──────── SOURCE INFORMATION ────────

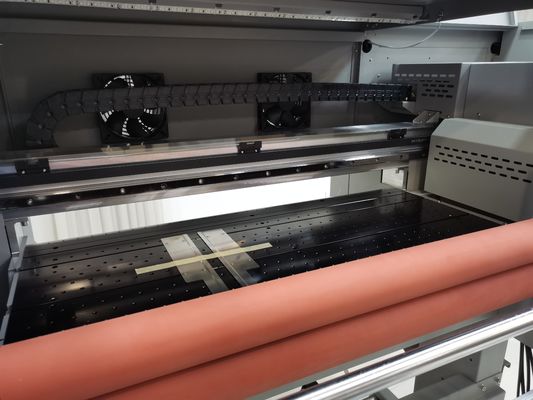 24 Zoll Breite 3 Kopf I3200 UV-Drucker für Roll-to-Roll-Transfer-Drucksticker
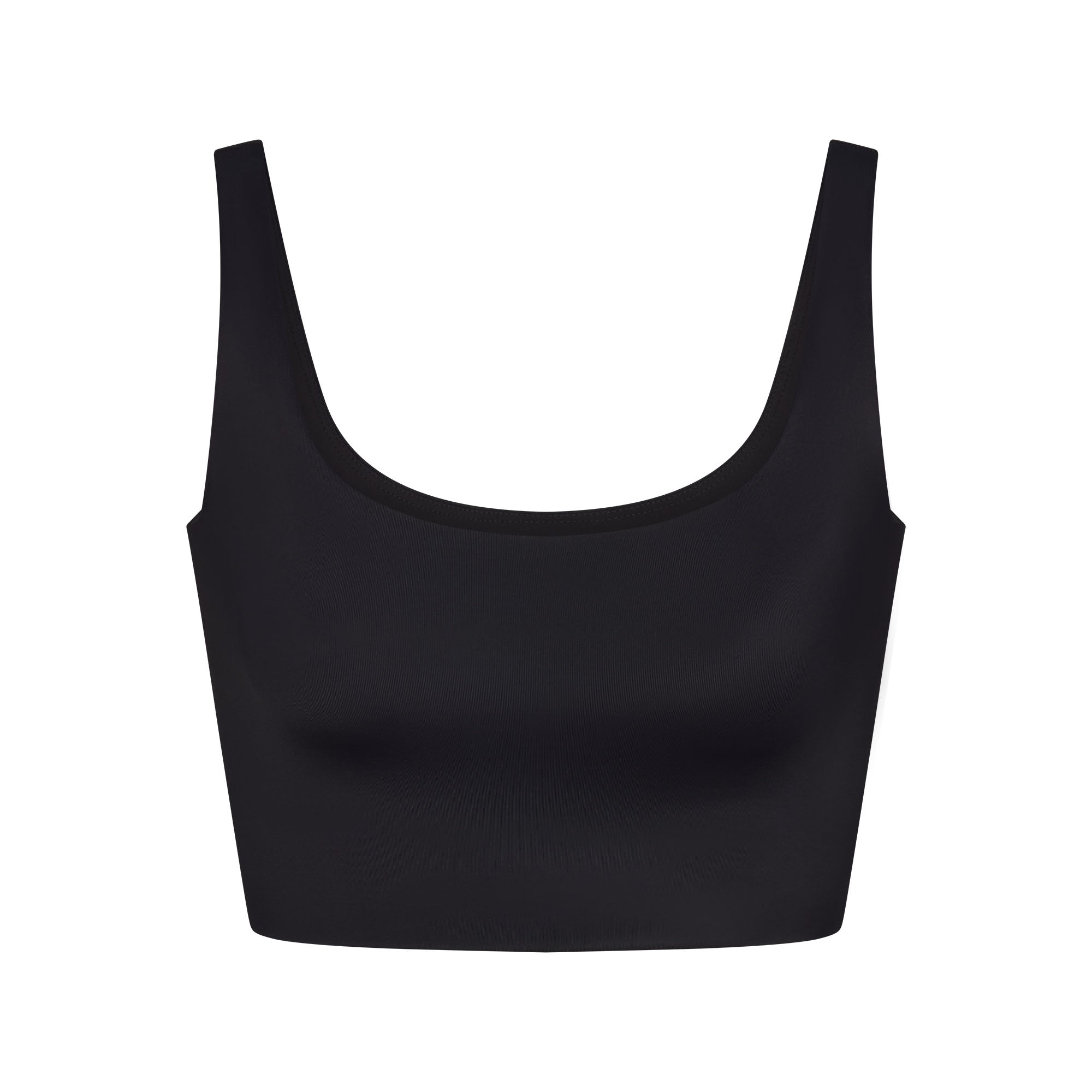 NikeSKIMS SHINE SCOOP NECK BRA TOP | OBSIDIAN - Sneaker Türkiye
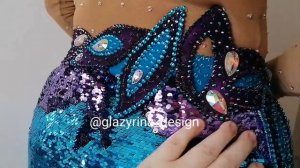 Костюм для Танца Живота ( Восточного Танца) от Глазыриной Анны.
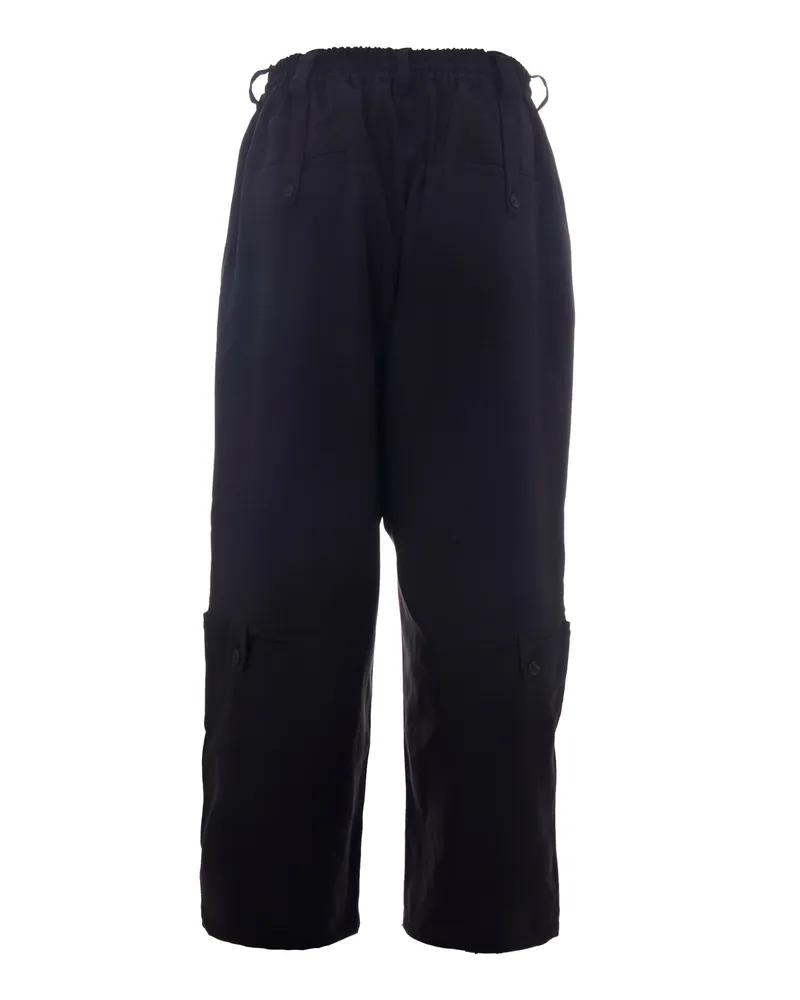 adidas Men Trousers Adaptive Length Black Recycled Polyester Black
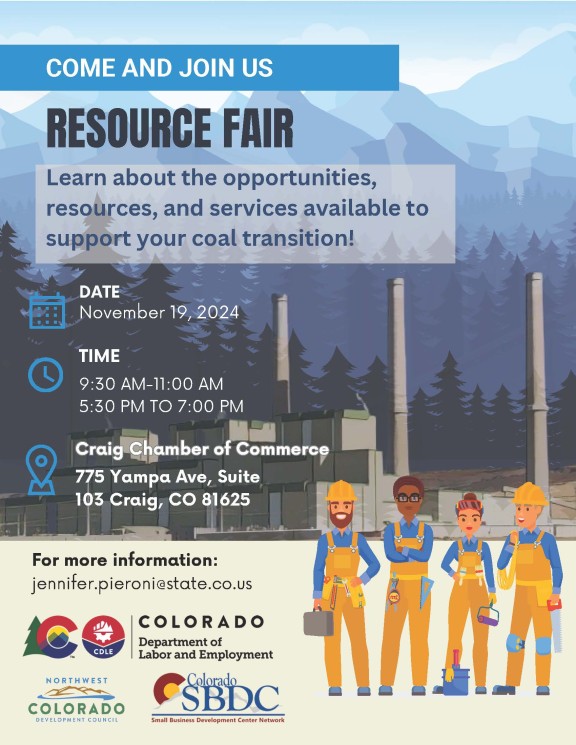 Resource Fair flyer image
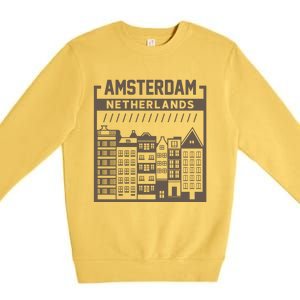 Amsterdam Premium Crewneck Sweatshirt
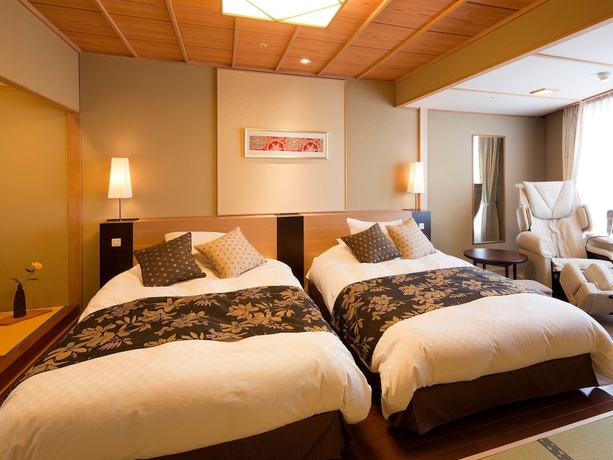 Imagen de la habitación del Hotel Yumoto Konpira Onsen Hananoyu Koubaitei. Foto 13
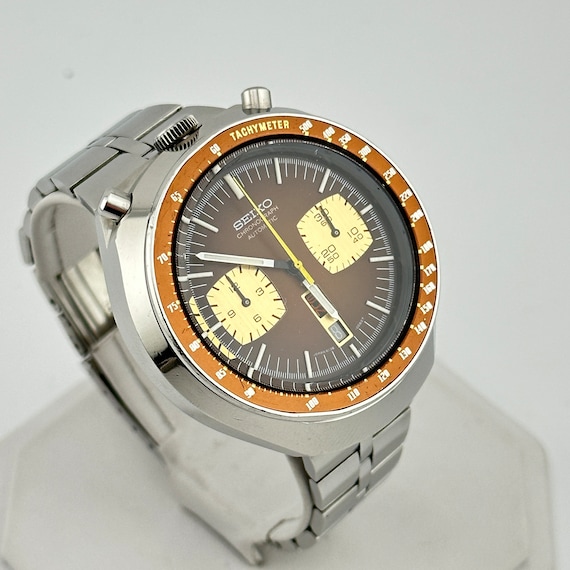 Seiko clearance bullhead watch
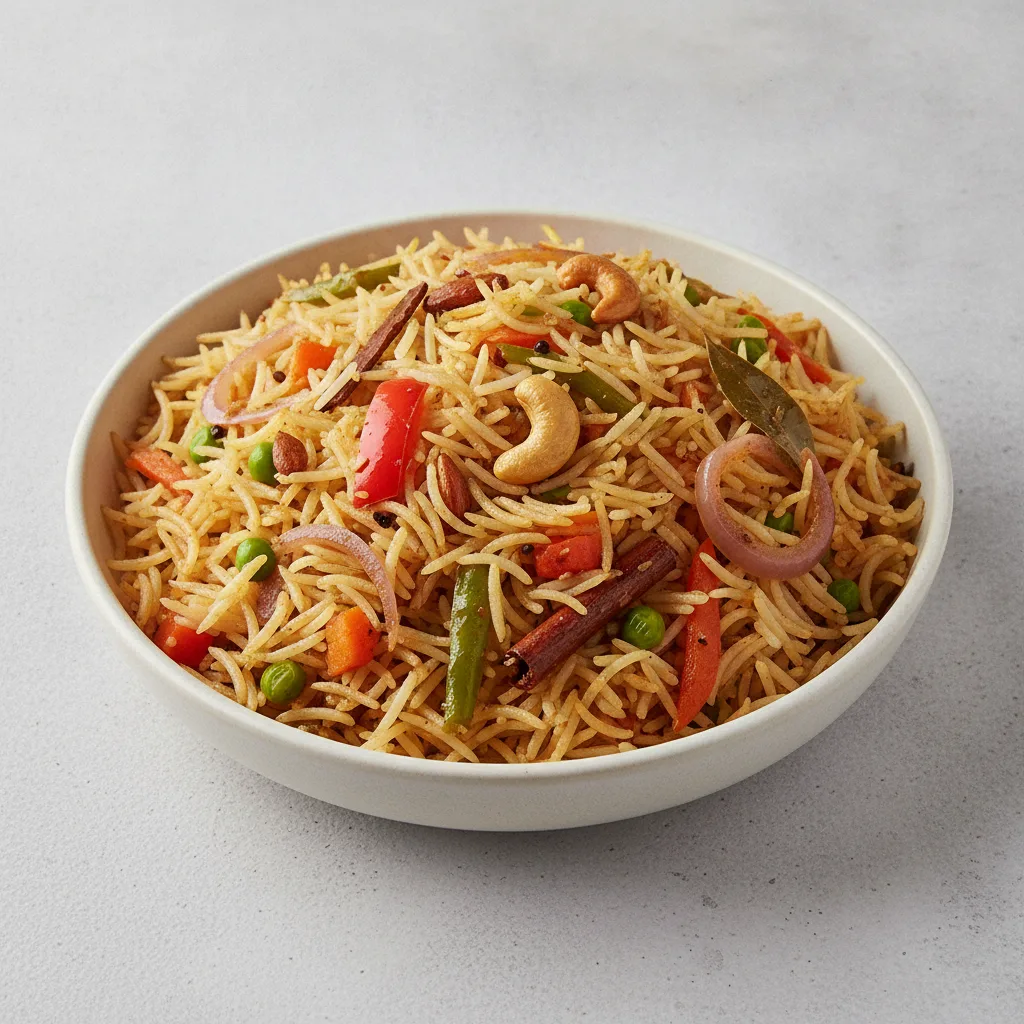 Vegetable Biryani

────────

- **WORK TO COMPLETE**
Each record should be written out exactly, and each image should be omitted.

- **RESULT OF THIS TASK**
 24 Zoll Breite 3 Kopf I3200 UV-Drucker für Roll-to-Roll-Transfer-Drucksticker
 NikeSKIMS SHINE SCOOP NECK BRA TOP | OBSIDIAN - Sneaker Türkiye
 Костюм для Танца Живота ( Восточного Танца) от Глазыриной Анны.
 adidas Men Trousers Adaptive Length Black Recycled Polyester Black
 Resource Fair flyer image
 Amsterdam Premium Crewneck Sweatshirt
 Imagen de la habitación del Hotel Yumoto Konpira Onsen Hananoyu Koubaitei. Foto 13
 Seiko clearance bullhead watch
 Vegetable Biryani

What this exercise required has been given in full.